L’Arbre offre une superbe double métaphore pour y réfléchir, une métaphore qui peut être lue comme une allégorie, celle du lierre qui tient artificiellement debout un mur pourtant sur le point de s’écrouler et inversement celle de la moisissure qui opère un travail souterrain dans le mur jusqu’à sa destruction :

« Bon, un architecte conseil doit vraiment s’inquiéter. Il est là pour ça, s’inquiéter. C’est son boulot. C’est à lui de déceler la fissure imperceptible qui obligera à recourir à des soutènements dans cinq ans. Tu vois cette tâche d’humidité ? Elle cache de la moisissure, qui va se transformer en pourriture sèche dont tu peux être sûr qu’elle se répandra à son tour dans la maison comme un cancer. Il faut dégager la maçonnerie si ça devient sérieux.

Lorsque vous visitez une maison pour la première fois, vous voyez immédiatement tout ce que vous devez savoir, à condition de bien regarder. C’est la même chose entre un homme et une femme à leur première rencontre. Vous savez tout dès le début, si vous êtes attentif. Et au cours du temps, ce sera le premier regard sévère, la première petite vacherie qui mettra à nu les défauts structurels ».

Les textes qui composent Le Jeu de l’horloge s’attachent tant au lierre qu’aux moisissures.

Comment nous débarrasser de nos « chaînes imaginaires » ? Comment (sur)vivre malgré le deuil, la colère, la maladie, le poids du passé que nous nous sommes construit ?

« Je suis de plus en plus consciente, lorsque je rencontre des gens pour la première fois, qu’à la minute où ils disent bonjour, ils s’exposent devant moi comme des diagrammes scientifiques qu’ils expliquent alors, spécimens compliqués, analysés et résumés avec leurs propres mots.
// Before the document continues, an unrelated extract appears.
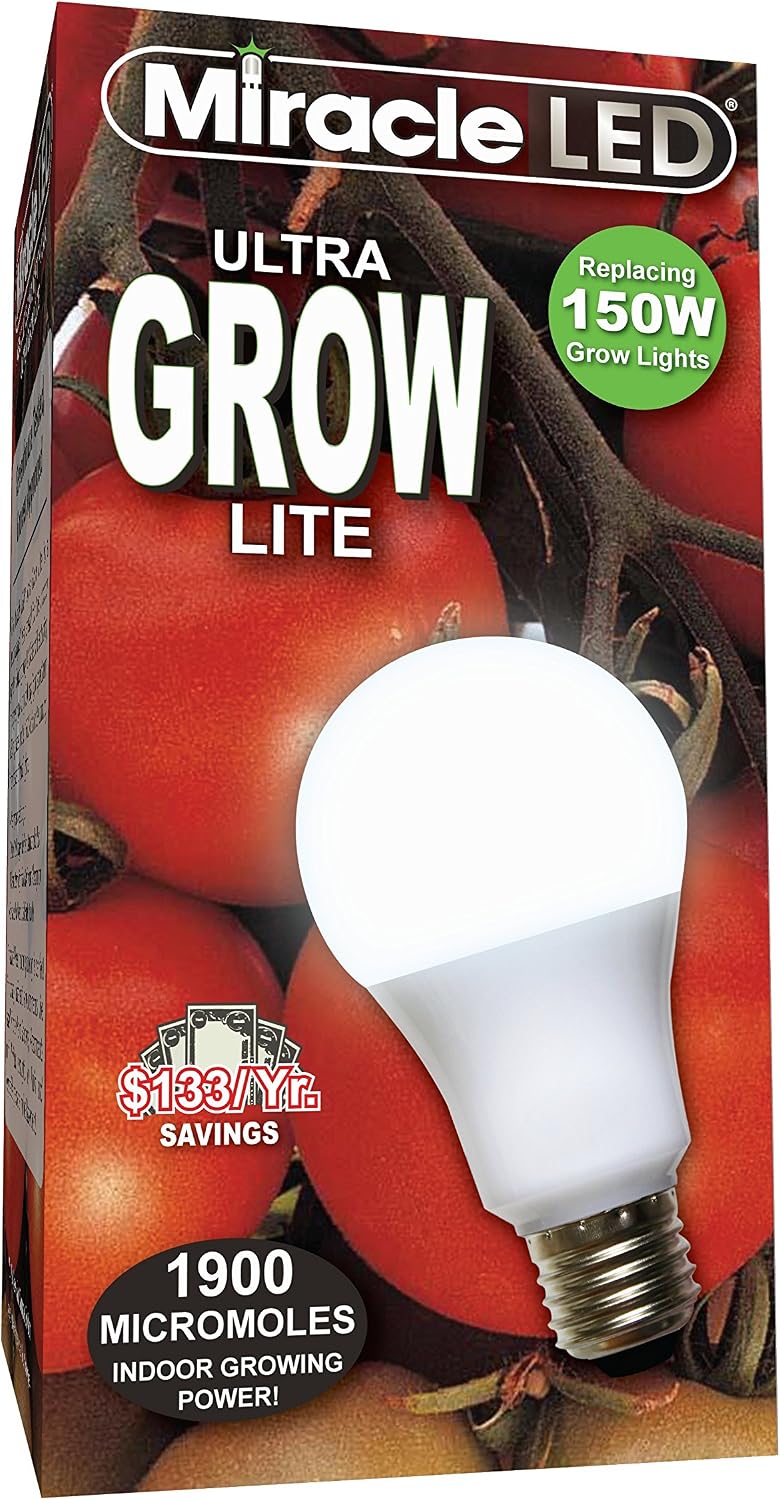Miracle LED Commercial Hydroponic Ultra Grow Lite - Replaces up to 150W - Daylight White Full Spectrum LED Indoor Plant Growing Light Bulb For DIY Horticulture & Indoor Gardening (605188)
Ils parlent de leur passé dans le moindre détail, me racontent leur histoire, et ensuite – c’est ce qu’on entend par intimité aujourd’hui – ils me demandent de leur narrer la mienne. J’ai essayé. Mais j’en suis incapable. Cette histoire-là, elle semble toujours avoir été trafiquée. Et comment pourrait-elle être autre chose que la version actuelle ? » (Une promenade de santé).
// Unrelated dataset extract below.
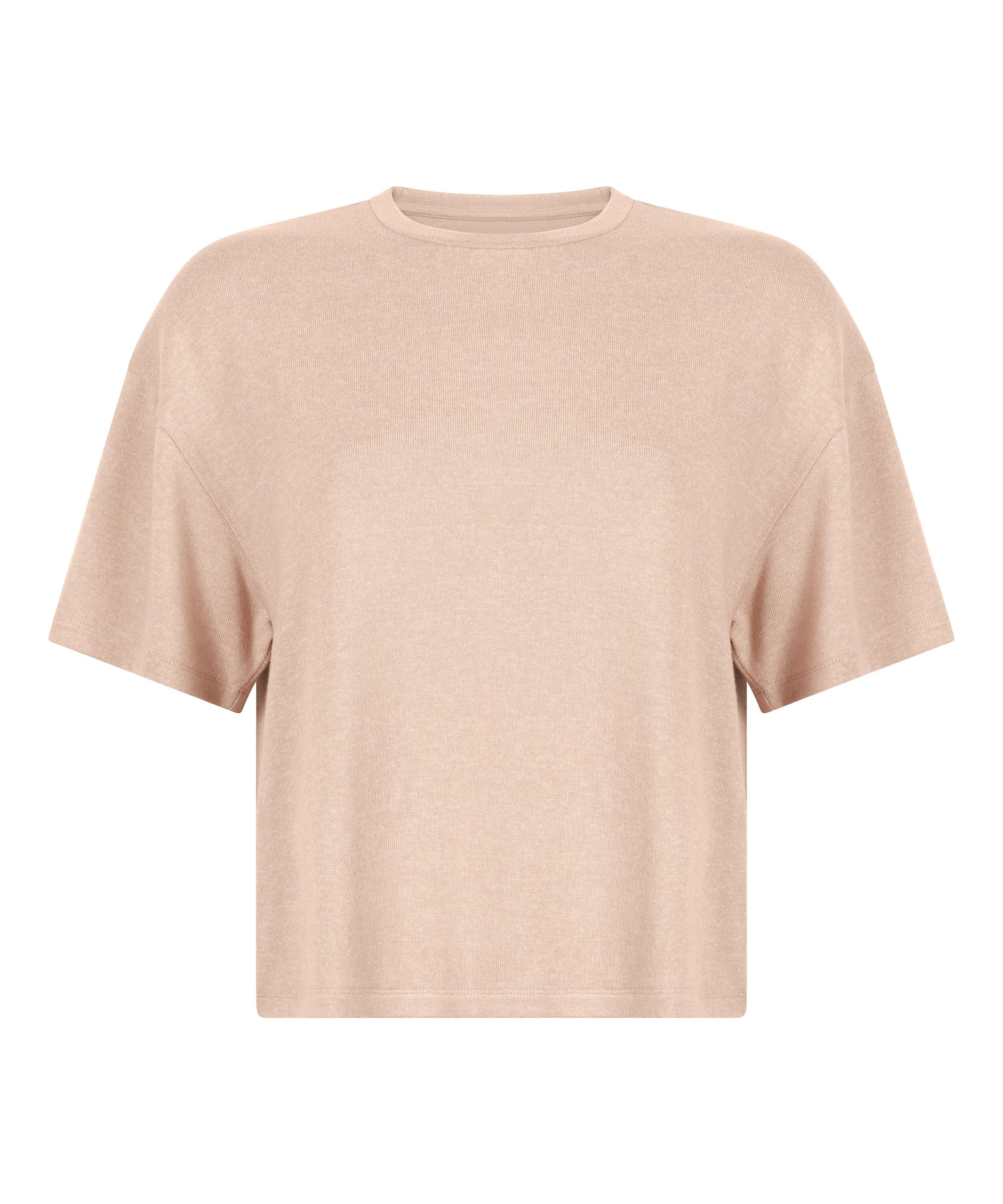 Haut de pyjama en jersey bross&eacute;, Beige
Pour aller au-delà, il nous faut nous regarder dans un miroir, au sens concret comme abstrait, ainsi que le met en lumière La Chambre verte, jouant de la polysémie de l’expression lorsqu’une créature étrangement surgie d’Internet, Holly, vient présenter, dans un miroir, différentes facettes de ce que fut, est et sera Paula.

Le Jeu de l’horloge est ce « miroir psychique », décapant.

Helen Simpson, Le Jeu de l’horloge [Constitutional], traduit de l’anglais par Anne Damour, éditions Christian Bourgois, 160 p., 17 €

* Encore trop peu connue en France, Helen Simpson, qui vit à Londres, est l’auteur de quatre recueils de nouvelles : Four Bare Legs and other stories, 1990 (Quatre jambes nues, 1992) – Dear George, 1995 – Hey Yeah Right Get a Life, 2001 et Constitutional, aujourd’hui traduit aux éditions Christian Bourgois. Elle a reçu de nombreux prix en Angleterre et aux Etats-Unis et a été retenue, en 1993, sur la liste des vingt meilleurs jeunes auteurs britanniques de la revue Granta – qui publie une liste tous les 10 ans.